* Work to complete *
Among the lines below, the one containing "Cadena para el" opens the range and the one containing "Mushroom Explorer with" closes it. Print that range exactly, without the pictures.

* Input data *
===

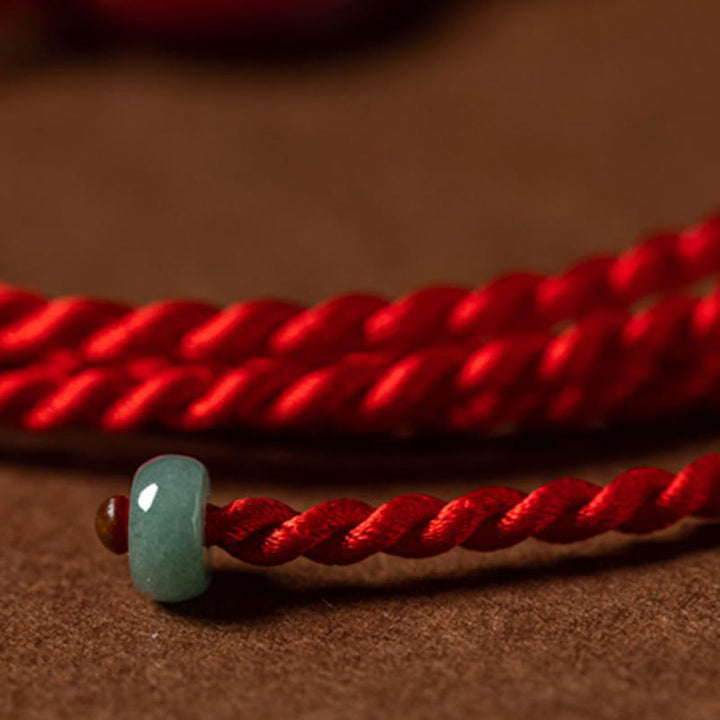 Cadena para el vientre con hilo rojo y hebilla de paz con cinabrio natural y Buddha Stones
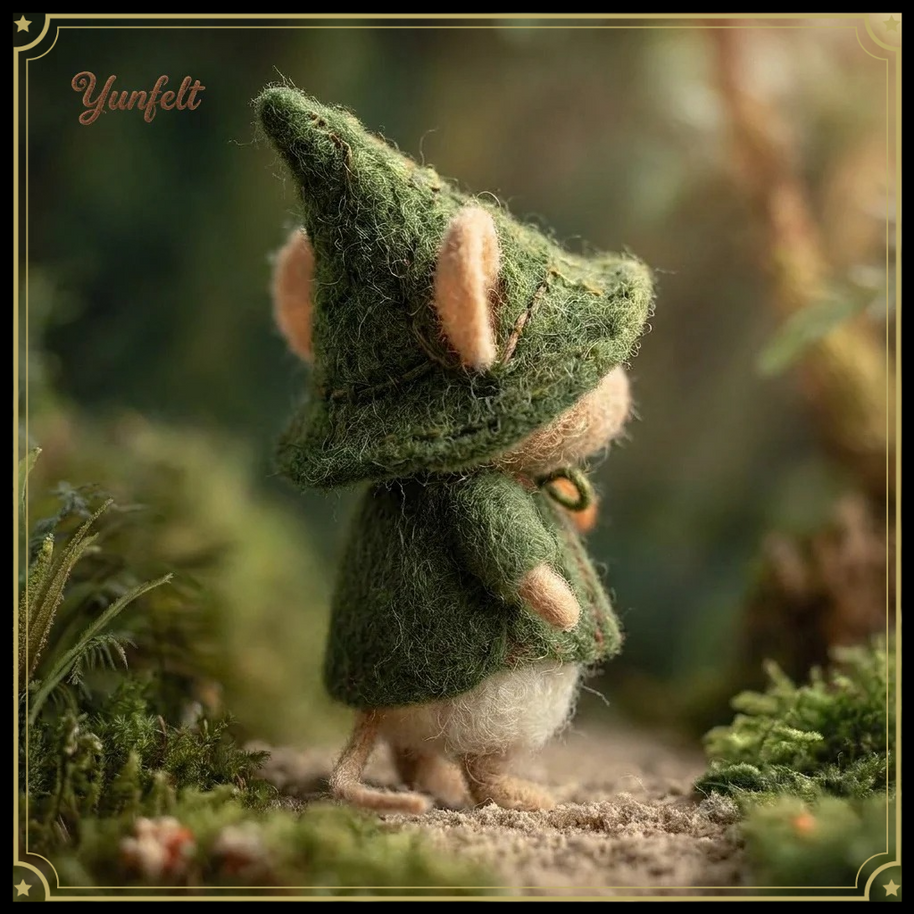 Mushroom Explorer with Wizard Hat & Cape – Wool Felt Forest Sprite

===

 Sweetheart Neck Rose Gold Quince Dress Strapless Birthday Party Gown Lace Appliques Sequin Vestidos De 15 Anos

===

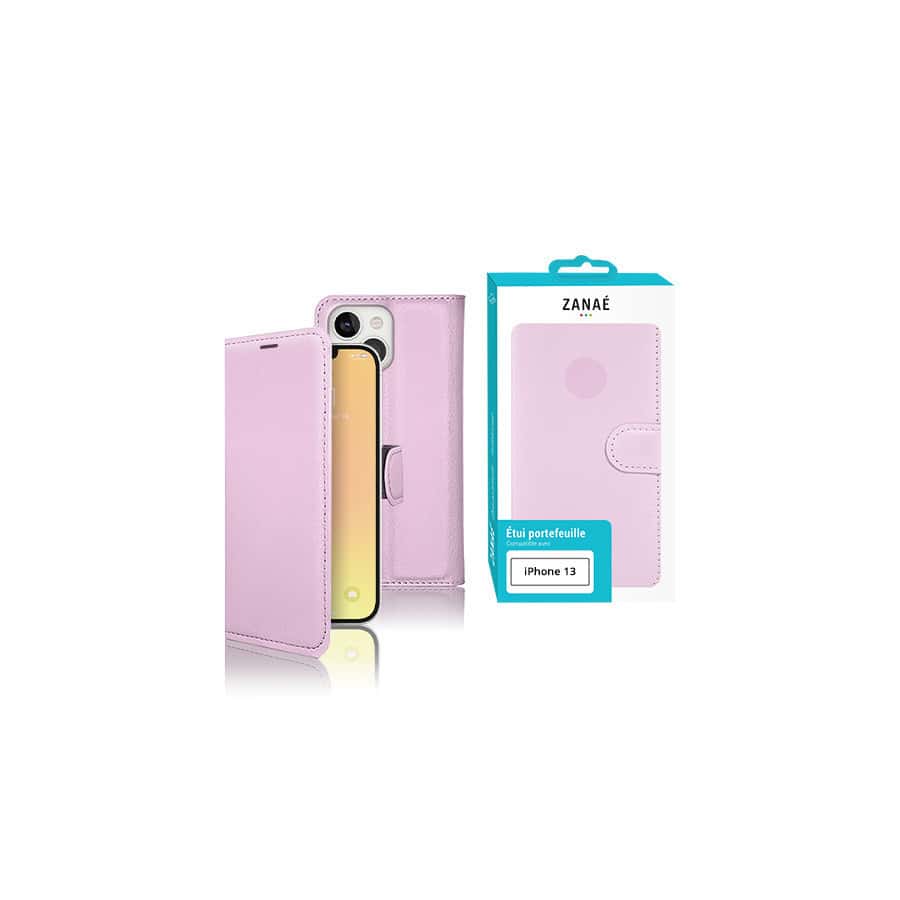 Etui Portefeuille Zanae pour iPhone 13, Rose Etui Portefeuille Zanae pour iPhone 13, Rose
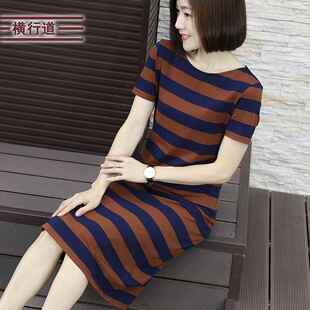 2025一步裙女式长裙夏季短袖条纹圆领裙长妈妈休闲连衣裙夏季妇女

===

* Your response *
 Cadena para el vientre con hilo rojo y hebilla de paz con cinabrio natural y Buddha Stones
 Mushroom Explorer with Wizard Hat & Cape – Wool Felt Forest Sprite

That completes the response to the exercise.